现阶段锂离子电池负极材料主要采用基于嵌入反应的石墨和尖晶石型钛酸锂,但是石墨的工作电势较低,大电流充放电和长时间循环易导致锂枝晶在电极表面沉积形成刺穿隔膜,带来可怕的安全隐患。尖晶石型钛酸锂虽然不易形成锂枝晶,而且稳定性好,但是理论比容量较低,充放电电势较高,极大限制了锂离子电池的能量密度提升。
新型聚阴离子型锂离子电池负极材料硅酸钛锂,不仅理论比容量高(308mAh g-1),还具有合适的充放电平台(约0.3V)。因此,可以在一定程度上解决钛酸锂比容量较低和充放电平台过高的缺点,与石墨相比安全性也更高。但是硅酸钛锂较低的电导率和充放电过程中出现的晶粒粉化现象严重限制了其电化学性能的发挥。
发明内容
发明目的:本发明的第一目的在于提供一种有效提高硅酸钛锂循环稳定性能和倍率性能的碳包覆改性制备方法。
本发明的第二目的在于提供利用所述制备方法得到的碳包覆硅酸钛锂复合材料;该复合材料电导率、循环稳定性和倍率性能都得到了极大的提高。
技术方案:本发明的硅酸钛锂颗粒原位碳包覆方法,包括如下步骤:
步骤1、将硅酸钛锂分散在一定量水中,加入表面活性剂,搅拌或超声分散均匀,形成悬浮液;
步骤2、往悬浮液中依次加入乙醇、间苯二酚、甲醛和催化剂,搅拌均匀;
步骤3、将步骤2所得混合物在室温下无干扰静置老化;
步骤4、将步骤3所得产物离心、洗涤、干燥得到前驱物;
步骤5、将前驱物在惰性气氛下碳化,煅烧,冷却后得到所述的碳包覆硅酸钛锂材料。
进一步地,步骤1中,所述表面活性剂为十六烷基三甲基溴化铵;所述硅酸钛锂与十六烷基三甲基溴化铵的质量比为1:0.5~1。
进一步地,步骤2中,所述间苯二酚的加入量,按照硅酸钛锂与间苯二酚的质量比为1:0.2~0.5。
进一步地,步骤2中,所述甲醛的加入量,按照硅酸钛锂与甲醛的质量比为1∶2~5。
进一步地,步骤2中,所述催化剂为氨水;所述氨水的加入量,按照硅酸钛锂与氨水的质量比为1∶1~5。
进一步地,步骤3中,所述无干扰静置老化的时间为6~12h。
进一步地,步骤4中,所述干燥条件为60℃,干燥时间为6~12h。
进一步地,步骤5中,所述惰性气氛为氩气或氮气气氛。
进一步地,步骤5中,所述煅烧温度为700~1000℃,煅烧时间为2~5h。
反应原理如下:
本发明利用表面活性剂的吸附耦合作用,将间苯二酚和甲醛反应生成的酚醛树脂原位吸附在硅酸钛锂的表面形成均匀致密的包覆层。

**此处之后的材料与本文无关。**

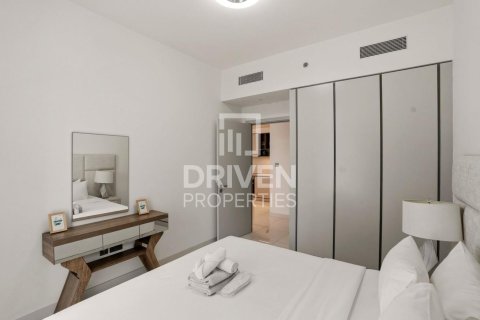 Apartamento en EMAAR Beachfront, Dubai Harbour, Dubai, 1 dormitorio, 65.31 m², № 136572 - foto 9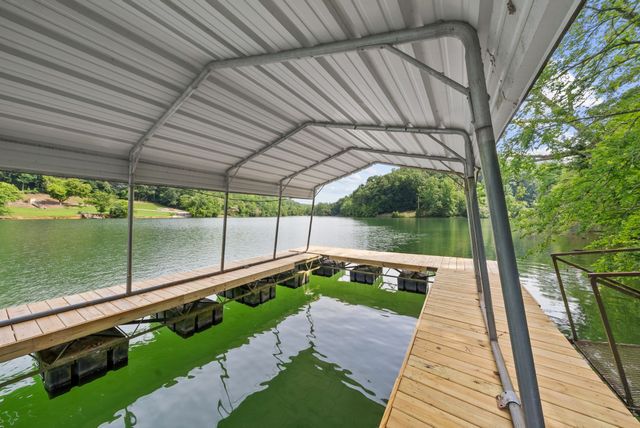 594 Overlook Cir, Tullahoma, TN 37388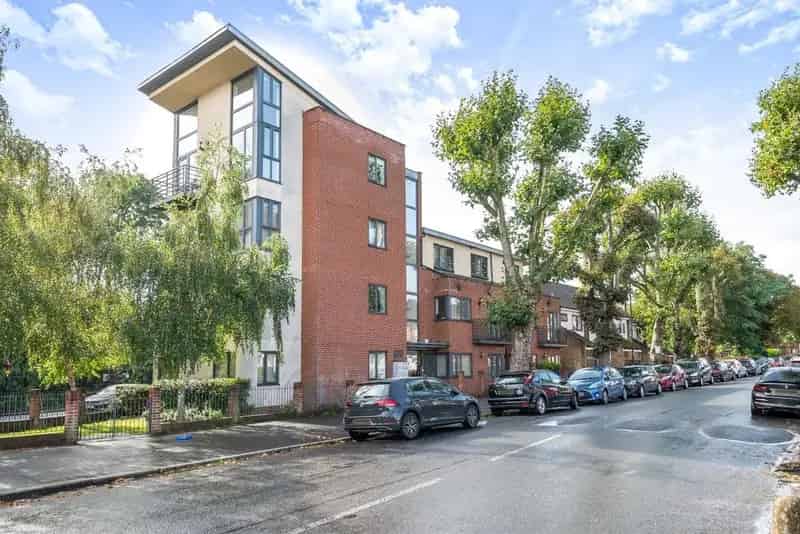Flat For Rent , London, England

将所得产物碳化后,前驱体酚醛树脂中苯环中6个sp2杂化的碳原子构成的六元环状π-π共轭结构被保留下来,形成高石墨化度碳层。碳层中的共轭结构极大促进了电子和离子的传输,使得硅酸钛锂具备出色的电化学性能。
有益效果:与现有技术相比,本发明具有如下显著优点:
(1)本发明引入的聚合物碳源在硅酸钛锂颗粒表面原位生成,高温碳化后可以在硅酸钛锂表面实现均匀碳包覆。
(2)本发明引入的碳源含有大量的共轭结构,因此经过碳化后形成的碳包覆层具有极高的电子电导率。
(3)本发明通过控制其他变量,只改变反应物浓度就可以在硅酸钛锂表面包覆几纳米到上百纳米厚度不等的均匀碳层。
(4)本发明引入的碳包覆改性制备方法极大的提高了硅酸钛锂的电导率、循环稳定性能和倍率性能。
附图说明
图1为本发明实施例1碳包覆改性制备的硅酸钛锂的工艺流程图;
图2为本发明实施例1碳包覆改性制备的硅酸钛锂的X-射线衍射图谱;
图3为本发明实施例1碳包覆改性制备的硅酸钛锂在不同放大倍数下的扫描电镜图;
图4为本发明实施例1碳包覆改性制备的硅酸钛锂在不同放电倍率下的性能图。
图5为本发明实施例2碳包覆改性制备的硅酸钛锂的在不同放大倍数下的透射电镜图;
图6为本发明实施例3碳包覆改性制备的硅酸钛锂的在不同放大倍数下的透射电镜图;
图7为本发明实施例4碳包覆改性制备的硅酸钛锂的在不同放大倍数下的透射电镜图。
具体实施方式
下面结合附图对本发明的技术方案作进一步说明。
实施例1
本发明的流程如图1所示:
A、称取1g硅酸钛锂和0.5g十六烷基三甲基溴化铵,分散于蒸馏水中超声均匀,形成悬浮液;
B、往溶液中加入20ml乙醇、0.2g间苯二酚、2ml甲醛和1ml起催化作用的氨水搅拌均匀,制得混合物;
C、将混合物在室温下无干扰静置6h老化;
D、将所得产物离心、洗涤后,在60℃干燥6h后得到前驱体;
E、将所得前驱体在氮气气氛下700℃煅烧2h,冷却后获得所述的碳包覆改性硅酸钛锂。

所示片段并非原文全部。